▸ **Problem requirements**: All pictures are to be dropped, and everything else in the data duplicated exactly.

▸ **Dataset section**:
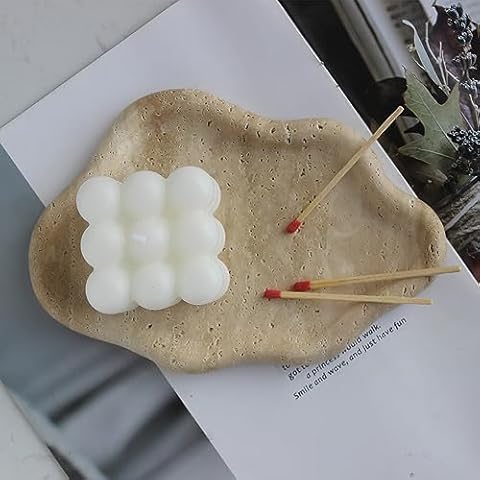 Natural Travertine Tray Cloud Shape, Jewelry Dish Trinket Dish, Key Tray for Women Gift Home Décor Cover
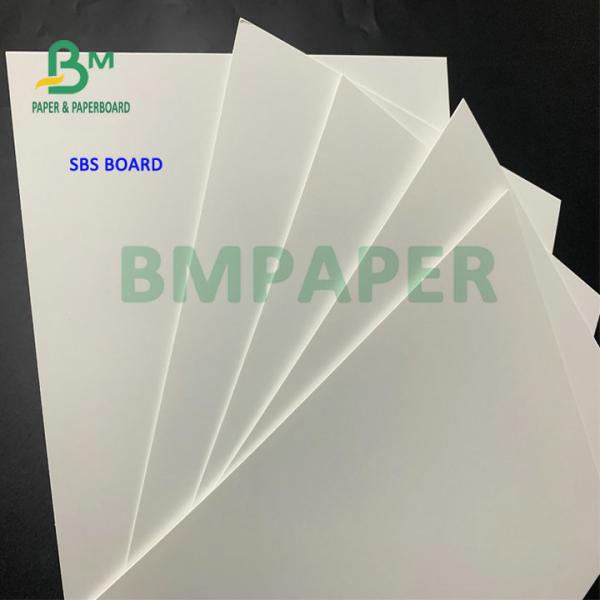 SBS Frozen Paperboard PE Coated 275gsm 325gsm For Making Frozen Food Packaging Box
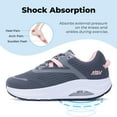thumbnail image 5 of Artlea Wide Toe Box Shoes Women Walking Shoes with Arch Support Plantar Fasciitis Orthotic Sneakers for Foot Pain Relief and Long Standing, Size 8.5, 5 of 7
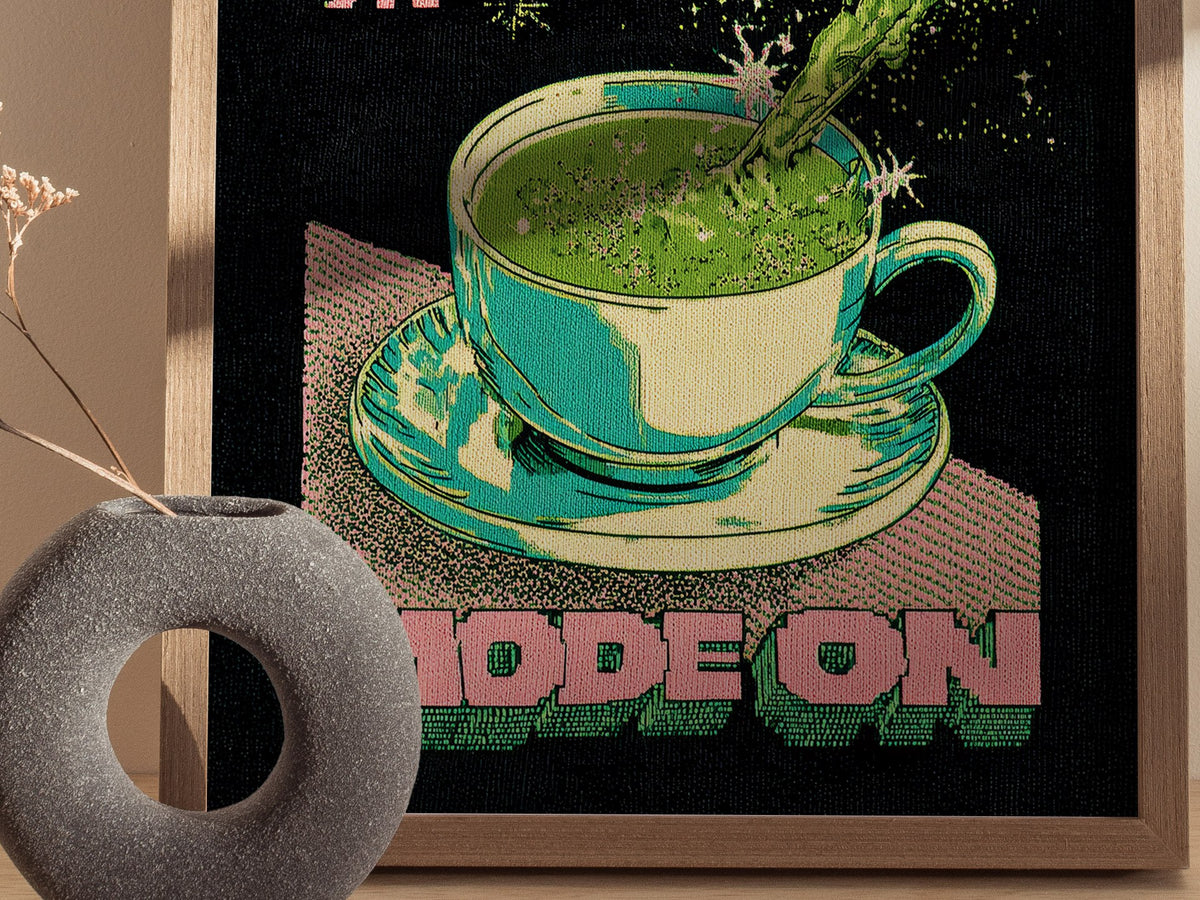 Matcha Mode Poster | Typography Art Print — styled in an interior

▸ **Your response**:
 Natural Travertine Tray Cloud Shape, Jewelry Dish Trinket Dish, Key Tray for Women Gift Home Décor Cover
 SBS Frozen Paperboard PE Coated 275gsm 325gsm For Making Frozen Food Packaging Box
thumbnail image 5 of Artlea Wide Toe Box Shoes Women Walking Shoes with Arch Support Plantar Fasciitis Orthotic Sneakers for Foot Pain Relief and Long Standing, Size 8.5, 5 of 7
 Matcha Mode Poster | Typography Art Print — styled in an interior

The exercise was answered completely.